Farm reform reversal seen hurting investment
India's repeal of agriculture laws aimed at deregulating produce markets will starve its vast farm sector of much-needed private investment and saddle the government with budget-sapping subsidies for years, economists said.
"All incentives to shift towards a more efficient, market-linked system (in agriculture) have been smothered," said Gautam Chikermane, a senior economist and VP at New Delhi-based Observer Research Foundation.
The u-turn allays farmers' fears of losing the minimum price system for basic crops, which growers say guarantees India's grain self-sufficiency.

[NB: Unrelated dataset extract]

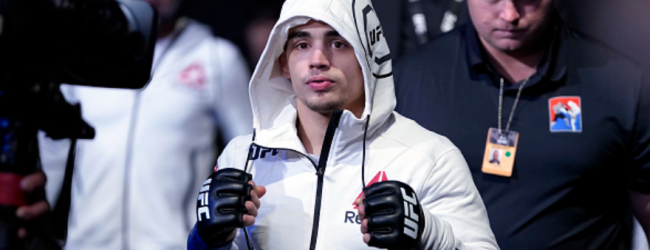 Ryan Benoit vs. Zarrukh Adashev toegevoegd aan UFC evenement op 31 juli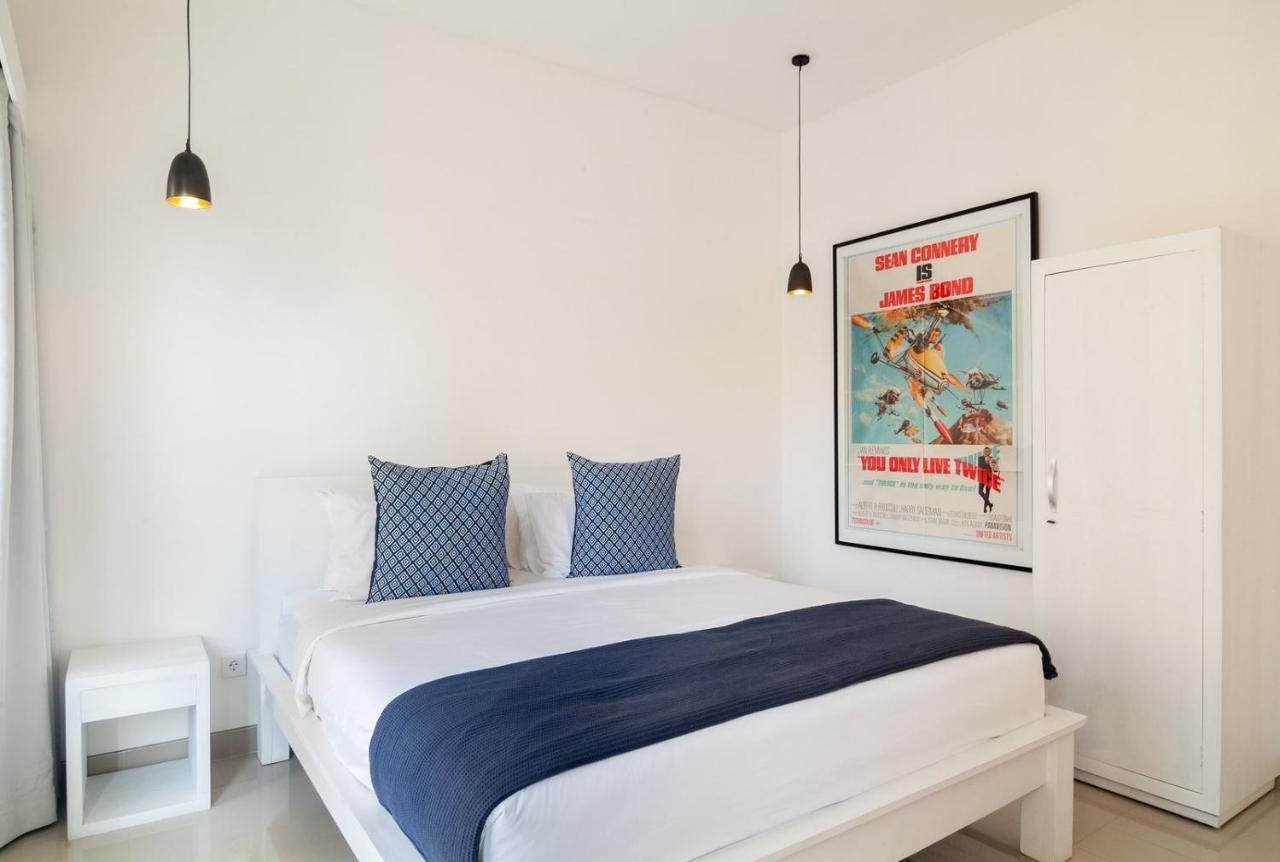 The London Residences Boutique Hotel 캉구 외부 사진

"It appears the government realised that there's merit in the farmers' argument that opening up the sector would make them vulnerable to large companies, hammer commodities prices and hit farmers' income," said Devinder Sharma, a farm policy expert who has supported the growers' movement.
Chikermane said no political party will attempt any similar reforms for at least a quarter-century. And, in the absence of private investment, "inefficiencies in the system will continue to deliver wastage."
Though malnutrition accounts for 68 per cent of child deaths in India, the nation wastes around 67 million tonnes of food every year, worth about $12.25 billion—nearly five times that of most large economies—according to various studies.
Inadequate cold-chain storage, shortages of refrigerated trucks and insufficient food processing facilities are the main causes of waste.
The farm laws promised to allow traders, retailers and food processors to buy directly from farmers, bypassing more than 7,000 government-regulated wholesale markets. Ending this prcoess would have encouraged private participation in the supply chain, giving Indian and global companies incentives to invest in the sector, economists said.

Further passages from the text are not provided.